The recent national uprising up of anger and anguish stemming from Ferguson and Staten Island–the killings by police of Michael Brown and Eric Garner and the failure of grand juries to indict the officers responsible– might suggest the beginning of a national debate on police and race and even the possibilities of a new civil rights era. But we wouldn’t want to hold our breaths.
As has been more than once pointed out (e.g. here and here) the way things stand in the U.S. the police have almost complete impunity when it comes to interpreting when they are at risk, and then responding with deadly force. The issue of life and death is decided in a matter of seconds and it is almost inevitable it will be that way.
The U.S. runs on violence. Best guesses of how many guns there are in private ownership is one for every man, woman and child. Roughly 350 million. The US has been continually at war from year one of the 21st century, on top of the ongoing trauma from the 20th century’s two world wars, plus Korea and Vietnam, and prior to that the prolonged war against the Native American peoples across the continent. There are well over 200 U.S. military bases in foreign countries across the world, to say nothing of those on home soil.
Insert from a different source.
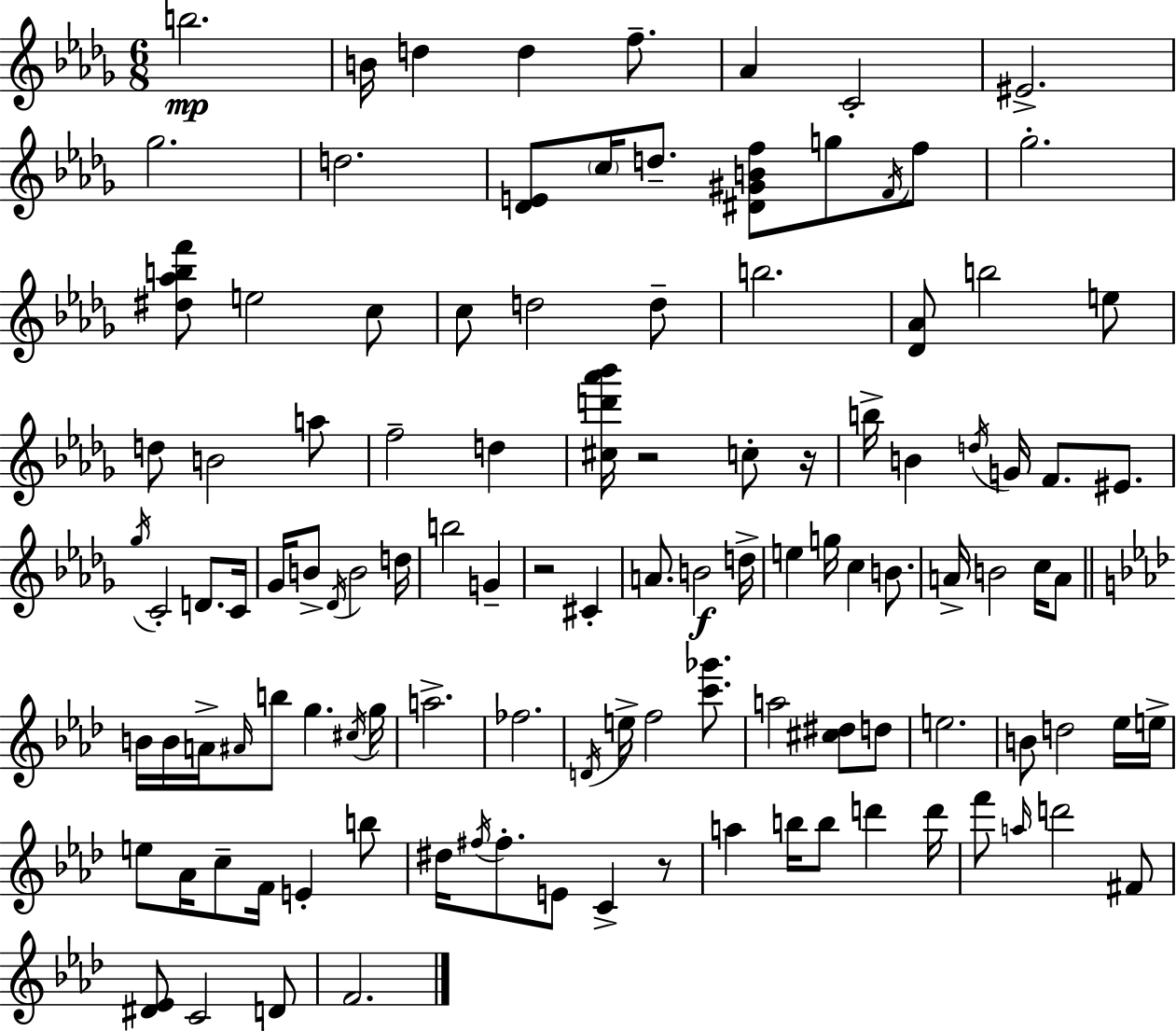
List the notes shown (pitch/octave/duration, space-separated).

There are fabulously wealthy people in this country who do not feel they have any responsibility to the poor and marginal, unless perhaps it comes as largesse not justice. (See estimate of the Economist, that 160, 000 families, 0.1 % of the nation, own 22% of the wealth, an average of $73 million each, almost equal to the bottom 90% entire, the disparity between rich and poor a little shy of the all-time gulf immediately before the 1929 crash.) The central narrative of our time is controlled by a media which cannot step back an instant from the constant back-answering of argument and hostility between polarized commentators. The despairing assertion that the truth somehow lies in the middle is itself an illusion: the resolution of the antagonisms displayed between so-called right and left is so off the charts of the existential reality of either side, on whatever issue, as to be another kind of world altogether. It is the antagonism itself which motivates our news cycle of information and meaning, and it is this condition which is now the specific character of the 21st century. If “the war to end all wars” kicked off the 20th, permanent war grips the 21st.
Beginning with Augustine of Hippo we have been trained to see violence in a moralized and legalized way, as discrete, separate actions each evaluated according to a rational calculus of “justified” and “unjustified”. The courts and political rulers are supremely equipped to make this calculus.
Since Rene’ Girard that has changed. Violence can never be discrete because it is mimetic. It is a plasma of imitation which runs between people at the speed of electricity and will continue to grow exponentially until it is discharged in at least one victim. The courts and political rulers are just as much in its field of force as all other individuals. In the past sacrificial rituals, including war itself, served to keep the plasma in check, discharging it in organized fashion. But today the anti-sacrificial narrative of innocence is so universally recognized and used–against the secret sacred function of violence, but not against violence itself–any discharge is almost immediately rendered ineffective. And the plasma floods back into society and the body politic.
The police are one of the front lines in this anarchic situation. By the very nature of their job and the weapons they carry their fingers are swift on the trigger to squeeze out a sacrificial solution. They don’t even think about it, don’t even know it, but mimetic theory says it is so. However, even though they may kill with impunity the solution fails at once. Even though the bullets fly they re-enter the collective reality at once and cannot terminate the victim. The situation is always worse.
The media is another front line. Except its members are now aware that the plasma itself is the news. Everywhere it shows up, from a video phone recording of a police killing, to one political commentator slapping down another, that’s network news! Not so much information as Ultimate Fighting!
And what about racism? So much of the historical plasma in the US converges on people of color and it does not want to let go. There was a Civil War over the issue, but really it did not resolve it, because the plasma cannot be contained. It continues to seek out places where it has previously been institutionally comfortable. As has been noted by some, these killings of black men, especially Eric Garner, are contemporary lynchings.
But the radical issue is not racism, rather the plasma of violence itself. If Christians and Christian pastors wish to make a difference around the memories of Brown and Garner and others like them, they will want to shift their message into transformation rather than transaction. From a Jesus who pays a price so we can get to heaven and the-devil-take-the-hindermost, to a Jesus who seeks to change our human condition itself and who sets us free from the “devil,” the age-old system of the “adversary”, once and for all.
Tony, I admire your work and this post had much good information as well as your usual
positive Girardeau approach. Keep up the good work. Jerry
The “work” of Jesus was so much more than salvation. You continue to expand my understanding of the transformation that began and continues in Christ Jesus.